This
week, one of us was reading a crime novel in which a burglar said a
prayer to St. Dismas before breaking into an apartment. This had us
scratching our heads for a while but a brief consultation of the
Catholic Encyclopedia revealed that Dismas is the name which the
apocryphal “Gospel of Nicodemus” gives to the “good thief” who was
crucified alongside Christ. (The “bad” thief was called Gestas.)
Accordingly, St. Dismas became the patron saint of criminals,
particularly of thieves. His name is thought to derive from dysme,
the Greek for “sunset” and, metaphorically, “death”.
Curiously, the city of San Dimas
(of Bill & Ted's Excellent Adventure fame) in southern California
takes its name from this saint. A 19th century landowner kept losing
cattle to rustlers and named the area San Dismas in the hope that
this might cause the cattle-thieves to repent. Over time, this pious
intention was forgotten and the name became corrupted to San Dimas.
We wondered if Dismas might be related to dismal but it
turns out that dismal comes from the
Latin dies mali meaning “evil days” or “unlucky days”. Sometimes
inauspicious days are called black-letter days in an allusion to
red-letter days. Medieval scribes would use a red pigment made
from lead oxide (“red lead” or Pb3O4) to mark
saints’ days; all other days were written in black so the term
black-letter day is not very accurate as not all non-saint-days were
bad. Since about 1600 black-letter has also been used for a type
of script, also known as “Old English” or “Gothic” which, apart from
occasional use in newspaper titles, has fallen from favor in
English-speaking countries but is still seen in Germany.

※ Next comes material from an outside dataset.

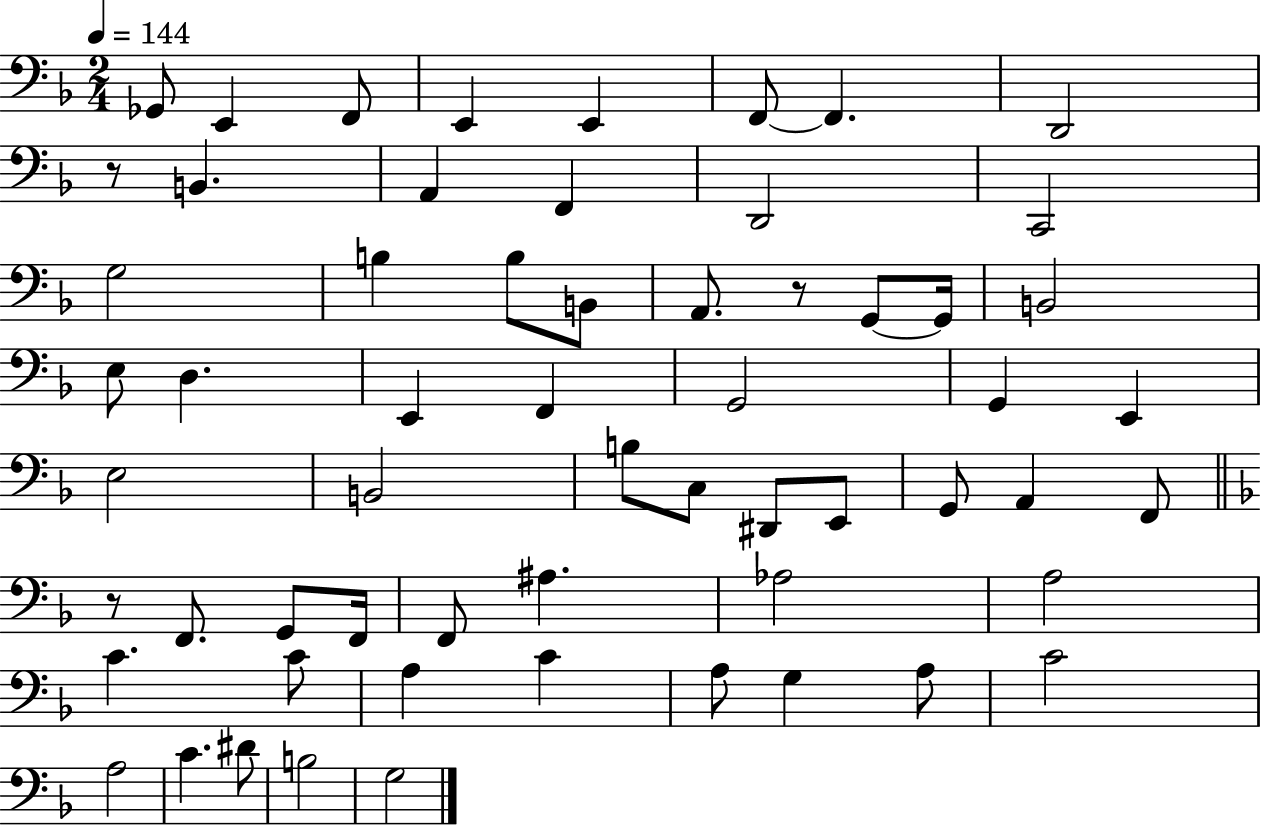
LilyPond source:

There were three dies mali in the Roman calendar and by a strange
coincidence two of these are our birthdays. Mike’s grandmother would
always insist that we only ever have one birthday and that the yearly
celebration of this date should be called one’s “anniversary”. (Any
wonder Mike is such a pedant?) Granny never did convince many people of
this - which is hardly surprising since birthday has been used to
mean “the annual observance of one’s birth-date” since before the Norman
Conquest. The origin of birthday is pretty obvious but
anniversary is less so. It comes from the Latin annus
(“year”) + versus (“turning”); in other words, it is that which
returns every year.
Calendar itself derives from the Latin calendarium, “an
account book”, and ultimately from calends, the name of the first
day of Roman months. Monthly accounts were due on the calends and the
word comes from the Greek kalein “to call” (i.e. it was when
debts were “called in”). The Greeks themselves had no calends in their
calendar, however. Thus, while the Spanish might procrastinate
(from Latin pro- “until” + cras- “tomorrow”) until
mañana (Sp. “morning” or “tomorrow”) and the Arabs until bukra
fil mish-mish (“tomorrow, in the season of the apricots”), ancient
Romans used the expression ad Graecas calendas (“on the Greek
calends”), a humorous way of saying “never”.

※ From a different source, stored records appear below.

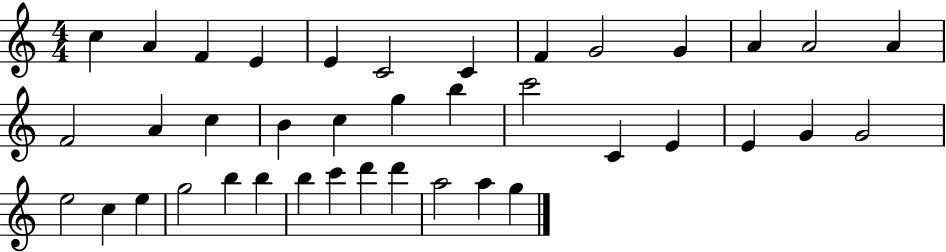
X:1
T:Untitled
M:4/4
L:1/4
K:C
c A F E E C2 C F G2 G A A2 A F2 A c B c g b c'2 C E E G G2 e2 c e g2 b b b c' d' d' a2 a g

While researching this column we came across a couple of words which
have (undeservedly, we think) fallen into disuse. They are
ereyesterday, meaning “the day before yesterday” and overmorrow,
meaning “the day after tomorrow”. We don’t know about you but to us
overmorrow has a distinctly hobbitty sound to it… “It will be my
eleventy-first birthday on the overmorrow, young Frodo.”